-- Work to be completed --
Omit pictures and quote the listing below line by line, from its start through the line that holds "Szczoteczka soniczna do".

-- Material for this task --
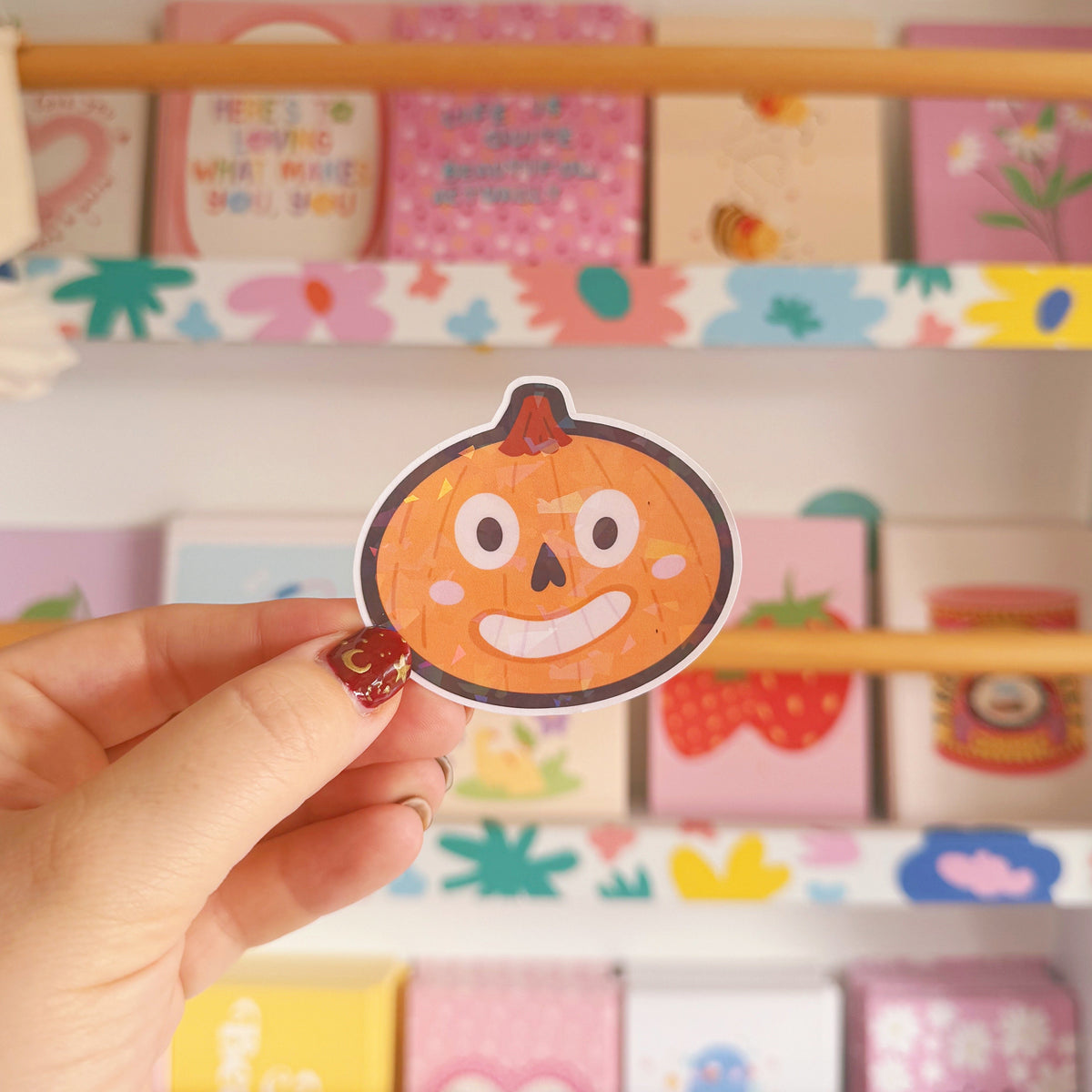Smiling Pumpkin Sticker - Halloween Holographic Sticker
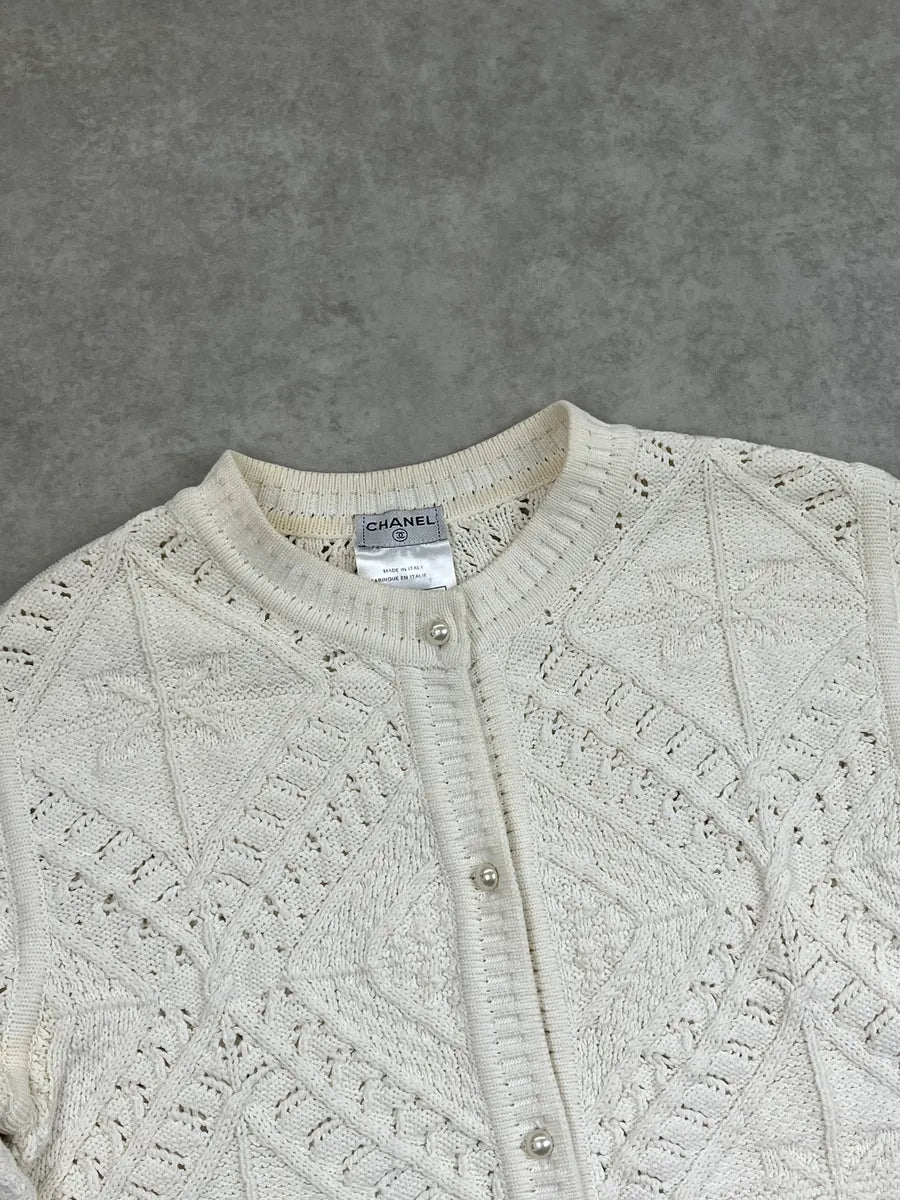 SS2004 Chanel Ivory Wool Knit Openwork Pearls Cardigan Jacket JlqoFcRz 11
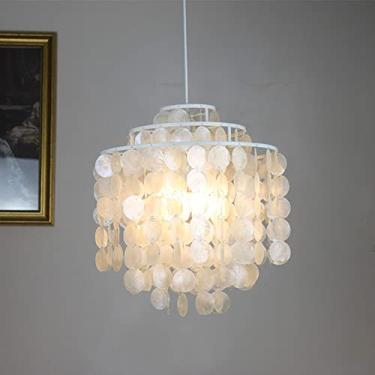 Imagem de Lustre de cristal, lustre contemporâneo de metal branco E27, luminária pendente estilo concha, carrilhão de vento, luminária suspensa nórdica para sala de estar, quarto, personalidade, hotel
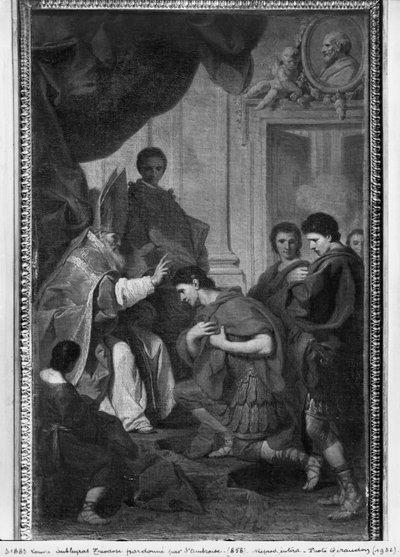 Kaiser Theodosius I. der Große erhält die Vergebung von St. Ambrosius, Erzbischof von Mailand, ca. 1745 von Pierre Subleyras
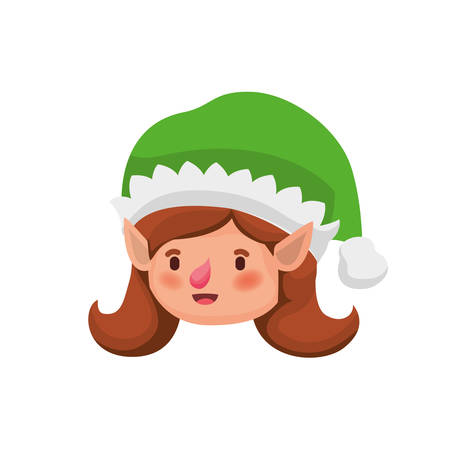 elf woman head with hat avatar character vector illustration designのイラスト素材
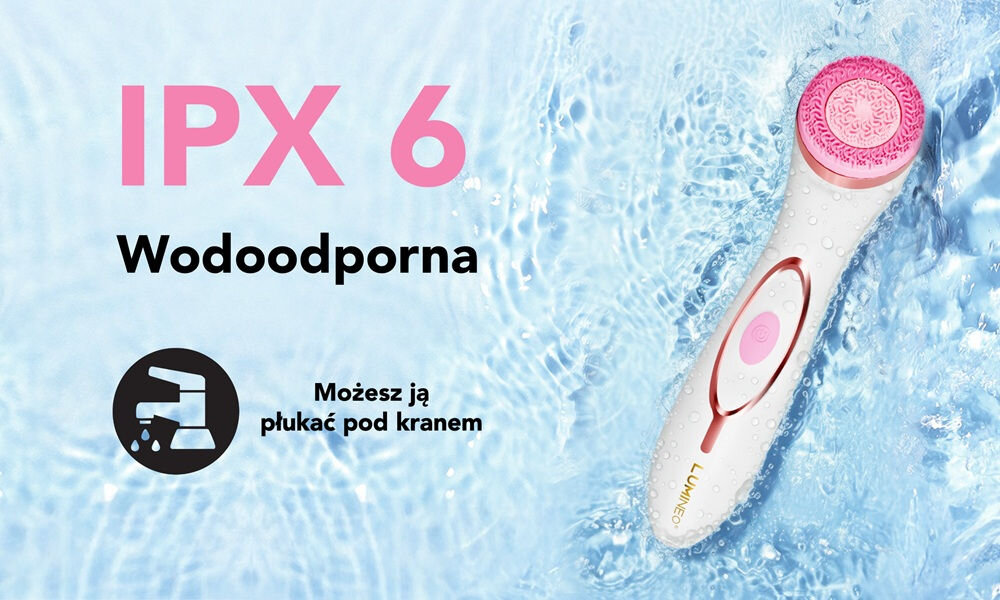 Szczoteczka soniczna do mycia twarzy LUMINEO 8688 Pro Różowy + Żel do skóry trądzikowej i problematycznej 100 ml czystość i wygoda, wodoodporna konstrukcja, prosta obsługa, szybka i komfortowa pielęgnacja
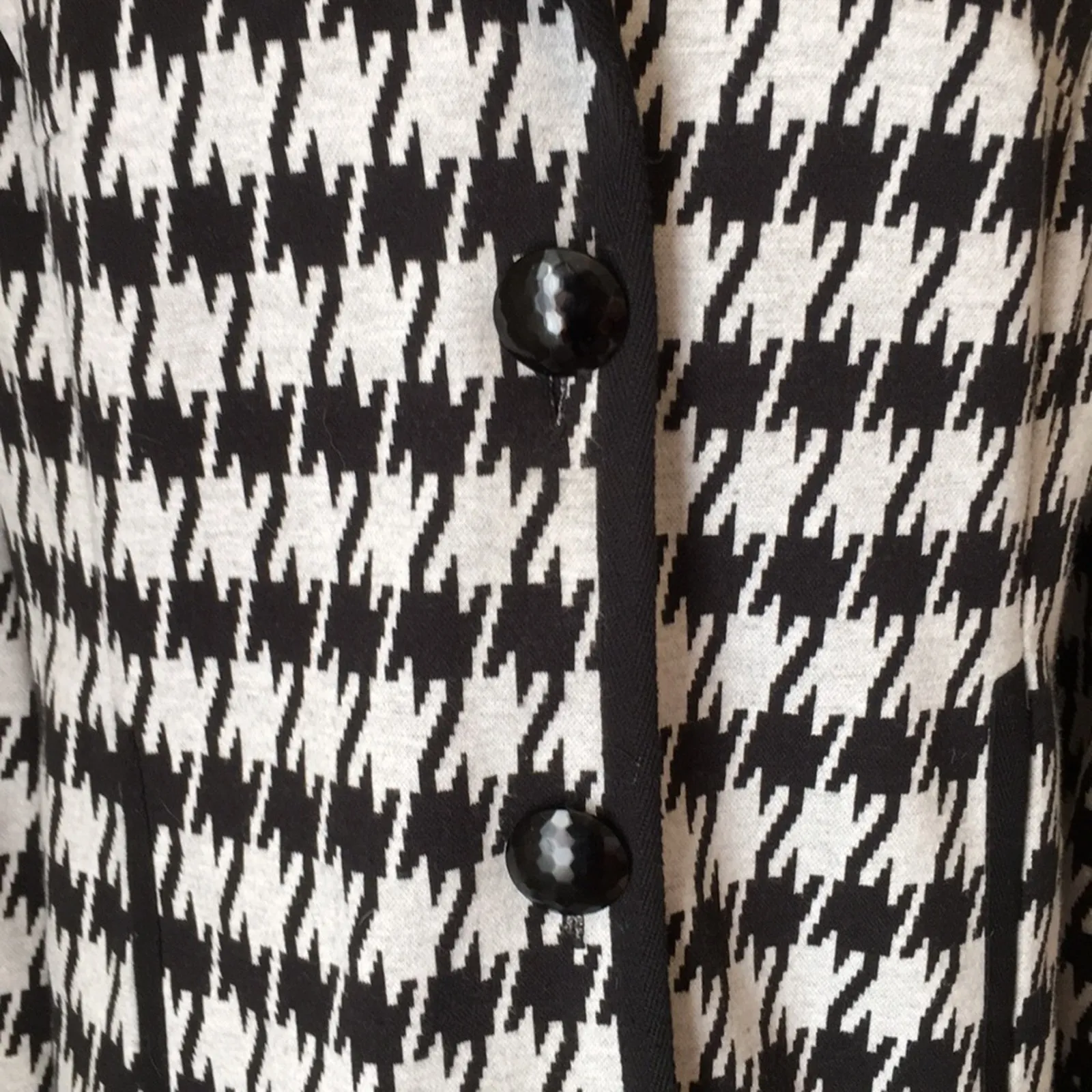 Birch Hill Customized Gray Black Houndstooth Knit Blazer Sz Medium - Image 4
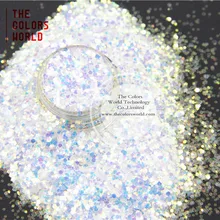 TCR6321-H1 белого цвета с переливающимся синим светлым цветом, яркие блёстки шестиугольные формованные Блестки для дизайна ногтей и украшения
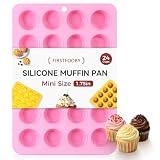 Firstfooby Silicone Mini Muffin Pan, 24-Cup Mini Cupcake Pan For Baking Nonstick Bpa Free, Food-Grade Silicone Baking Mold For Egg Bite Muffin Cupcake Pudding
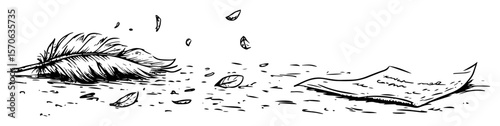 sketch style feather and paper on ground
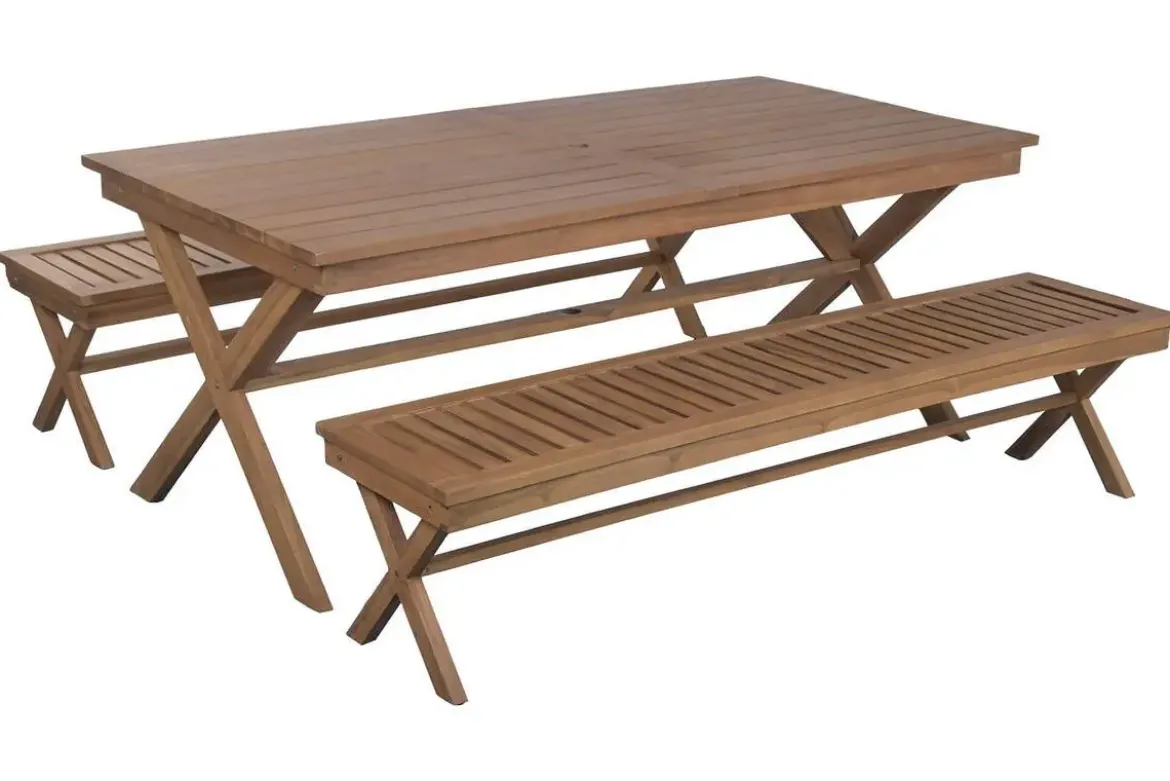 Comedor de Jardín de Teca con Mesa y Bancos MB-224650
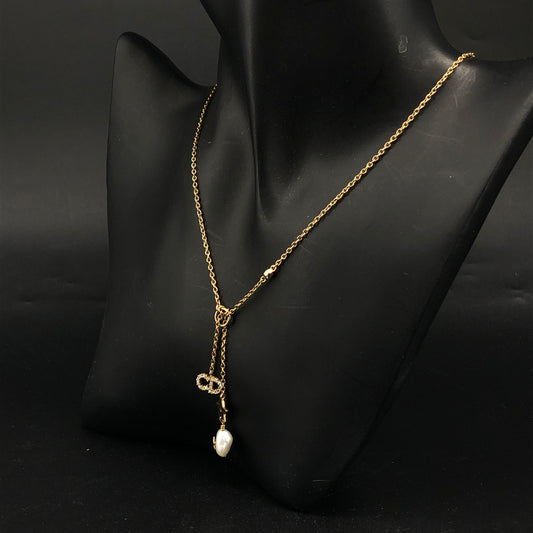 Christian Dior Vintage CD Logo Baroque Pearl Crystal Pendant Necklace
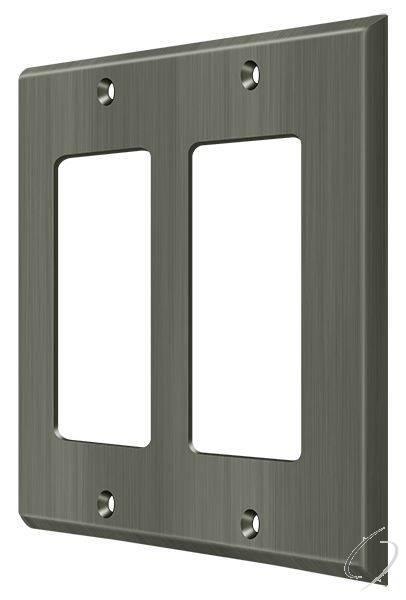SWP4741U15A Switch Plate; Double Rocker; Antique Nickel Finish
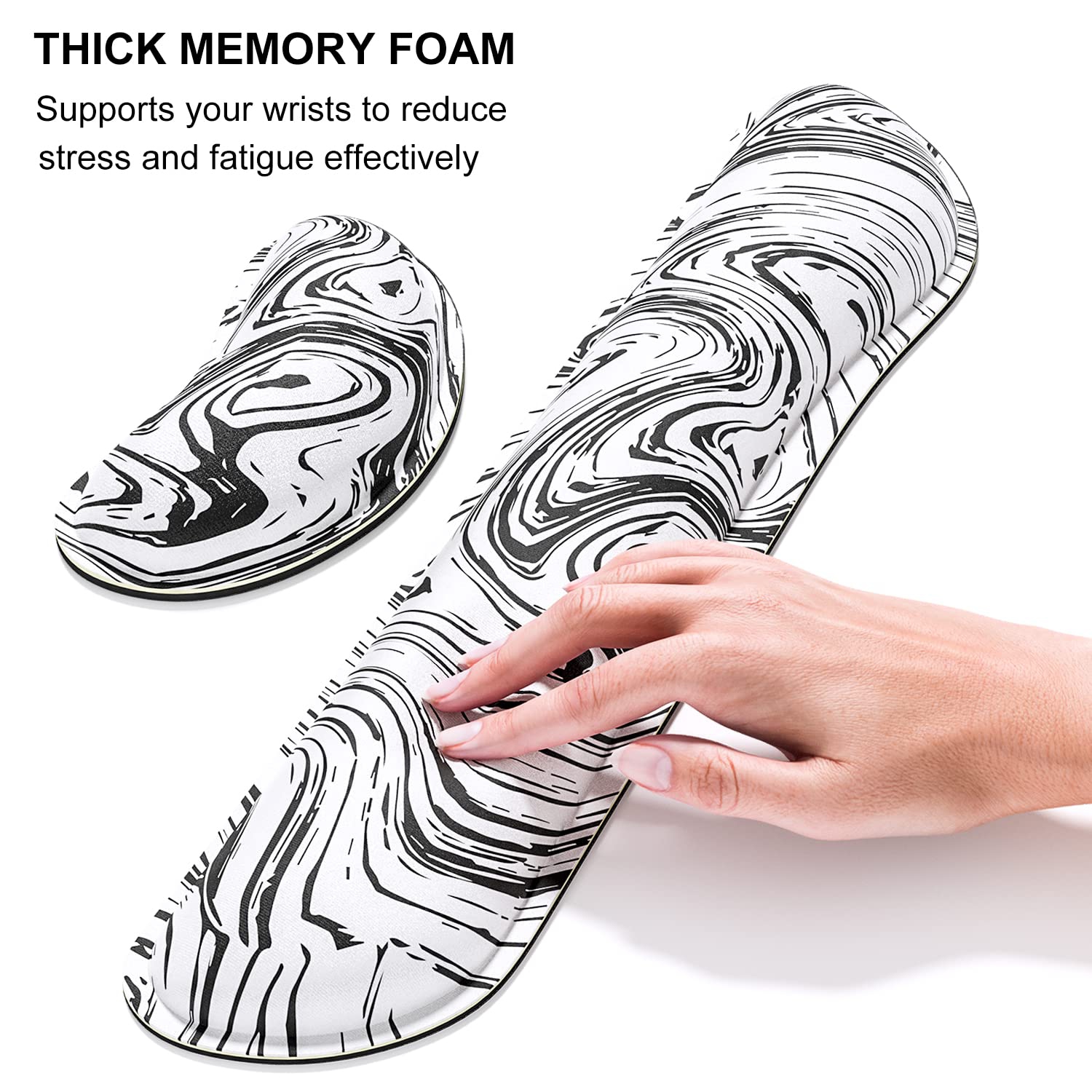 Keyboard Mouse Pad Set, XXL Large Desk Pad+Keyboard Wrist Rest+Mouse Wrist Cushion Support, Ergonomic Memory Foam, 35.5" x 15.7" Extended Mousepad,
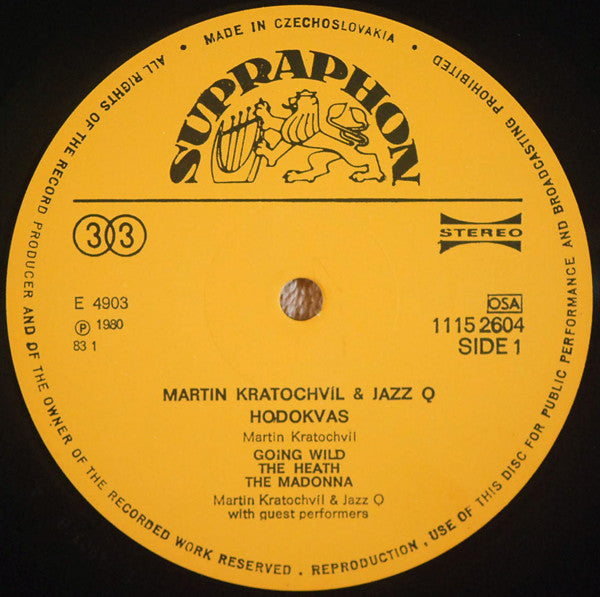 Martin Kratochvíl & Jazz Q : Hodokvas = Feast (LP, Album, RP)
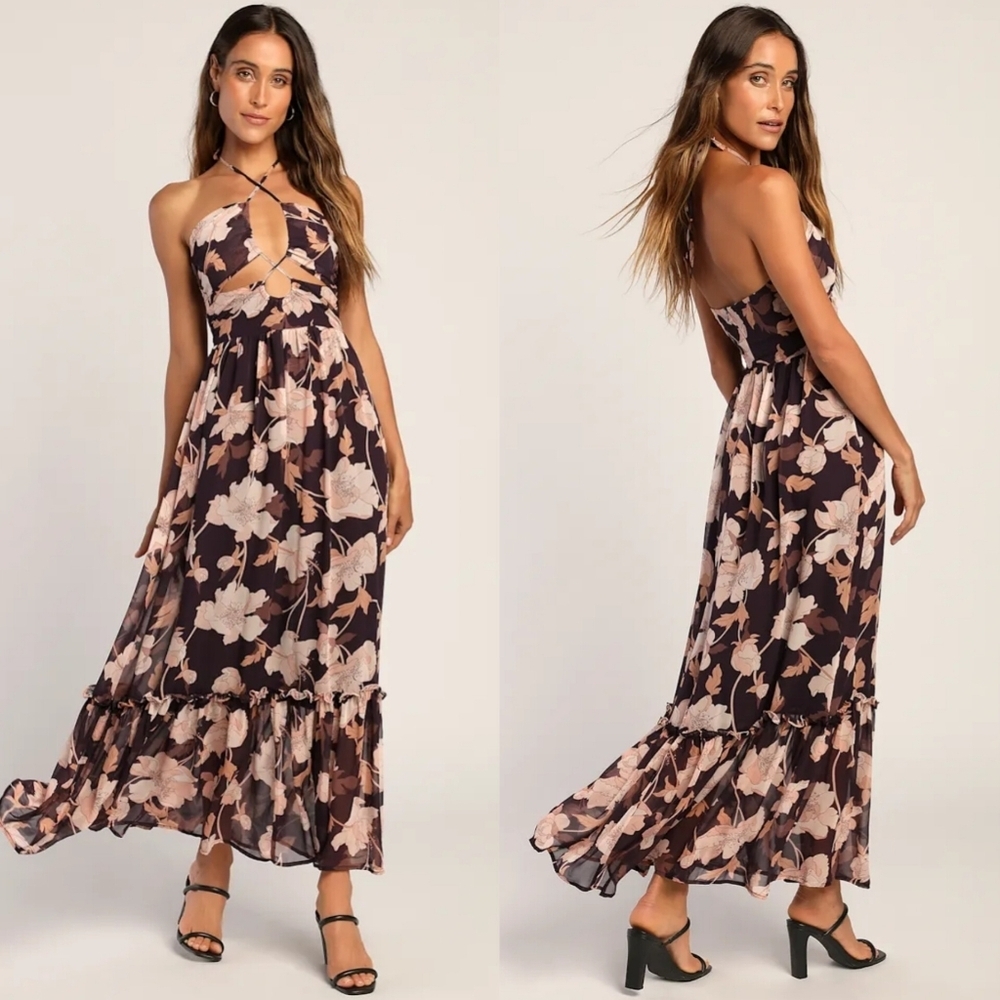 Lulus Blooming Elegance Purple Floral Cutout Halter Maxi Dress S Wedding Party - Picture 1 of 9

-- Expected answer --
Smiling Pumpkin Sticker - Halloween Holographic Sticker
 SS2004 Chanel Ivory Wool Knit Openwork Pearls Cardigan Jacket JlqoFcRz 11
 Imagem de Lustre de cristal, lustre contemporâneo de metal branco E27, luminária pendente estilo concha, carrilhão de vento, luminária suspensa nórdica para sala de estar, quarto, personalidade, hotel
 Kaiser Theodosius I. der Große erhält die Vergebung von St. Ambrosius, Erzbischof von Mailand, ca. 1745 von Pierre Subleyras
 elf woman head with hat avatar character vector illustration designのイラスト素材
 Szczoteczka soniczna do mycia twarzy LUMINEO 8688 Pro Różowy + Żel do skóry trądzikowej i problematycznej 100 ml czystość i wygoda, wodoodporna konstrukcja, prosta obsługa, szybka i komfortowa pielęgnacja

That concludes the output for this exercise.